Adversity promotes innovation and we are right on the cusp of seeing innovative leaders coming up with alternatives, systems and options.
Many have heard of Khan Academy by now. If you have not, please do yourself a favor and check it out here. Khan's vision is to offer a free, accessible education to anyone with an Internet access. He has assembled a wonderful team and as of this post over 140 million videos on his site have been watched by people from all over the world.
One of the goals of Khan Academy was to Flip the Classroom. Details of this movement can be found here. The basic thrust is to let students learn the knowledge level learning and maybe even a little application at home and then in class students can engage in higher level learning and doing. Wonderful concept and one that will come to fruition in our near future.
Not everyone sees Khan's work as the end-all savior for educational change. Many detractors point out that although the videos available at Khan Academy rival most paid services, especially in mathematics, simply flooding educational videos at kids at home is not the educational change necessary. You may get the gist of the concerns from this article. Critics may not have heard some of Khan's speeches in which he offers the disclaimer that his works are simply the first step.
Much of the work mentioned above is a positive step that works within the system to begin the arduous task of changing the behemoth of a system firmly entrenched in the United States. Another movement believes that game play and game theory needs to replace current practice in order to provide a working education system. There are many recent champions of such Gamification. One very popular force is Paul Anderson. He has worked for years to transform his entire practice of teaching science into a game. You can learn all about his great work here. Like all innovators, his passion and organization are inspiring many to think again about what works and what learning should look like.
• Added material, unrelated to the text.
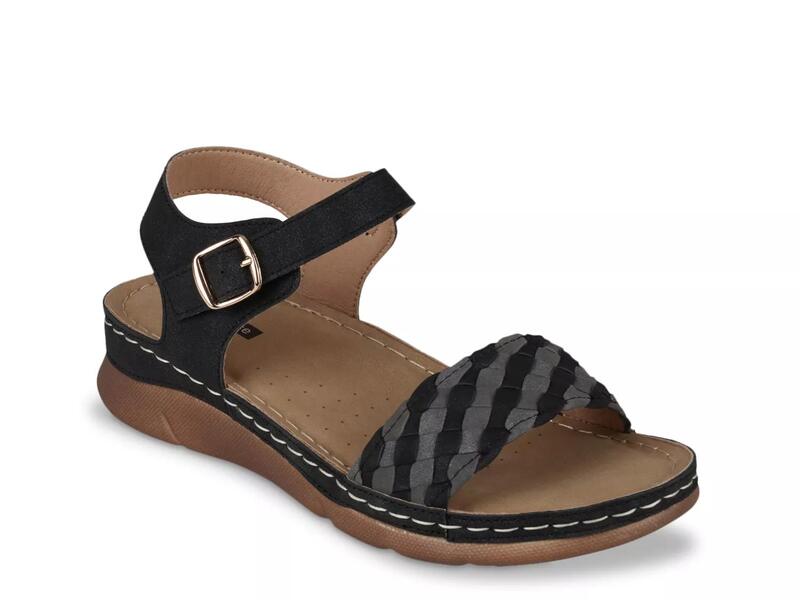 グッドチョイス レディース シューズ サンダル Good ChoiceMillis Wedge Sandal Black ブラック｜ReVida 店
So much excitement, so much that is "new", right? Wrong! At the turn of the 20th century, Robert Stephenson Smyth Baden-Powell developed a system of learning to help British Army Scouts learn basic skills like first aid and survival skills. This system he then applied to young boys to create the boy scouts. This system of education involves small units of study laid out with learning resources, projects, and product expectations. As learners complete their units they get a merit badge and other units are "unlocked" for continued study. All these years, the basics of gamified education have been laid out and silently working in a volunteer organization while our country continues to spend billions to save what many consider a failed system. Why don't we take gamificaiton experts from around the country and pump some of that money into them to produce the tools and resources and the new system we need to move forward? The short answer is that corporations are already frantically cranking out their interpretations and implementations in the hopes of getting school boards to invest in their solution. Even among the educational revolutionaries out there now, collaboration between forces seems limited by fame, production, and of course the potential profit margins.
I am a collaborator and feel that by working together, educators are so much more effective than individuals trying to survive in the safety of our classroom. I have studied games my entire adult life and have been an educator for two decades. Gamification may not be perfect. It may even only be successful with particular demographics. The point is our current public education system offers only a monopoly option based on seat time and made up subjective grading policies. With the addition of high stakes tests, educated adults are even now giving students the power to fire any educator they collectively wish to remove. Whether our current system collapses or we continue to plod through it's inefficiencies, we need to break up the monopoly to allow for different educational models to exist in our society. Current educational funding formulas not only discourage diversity of models, it effectively prohibits any hope of parallel systems. Like it or not, change will be happening soon. As parents and learners start experiencing some of these new models, the "business" of school may find itself out of a job. I know we teachers often don't have much time outside our 12-15 hour days, but if you teach, you may find it worth finding a few hours a week to look into these other models starting up and brushing up on skills necessary to adapt to those models. Come join the revolution.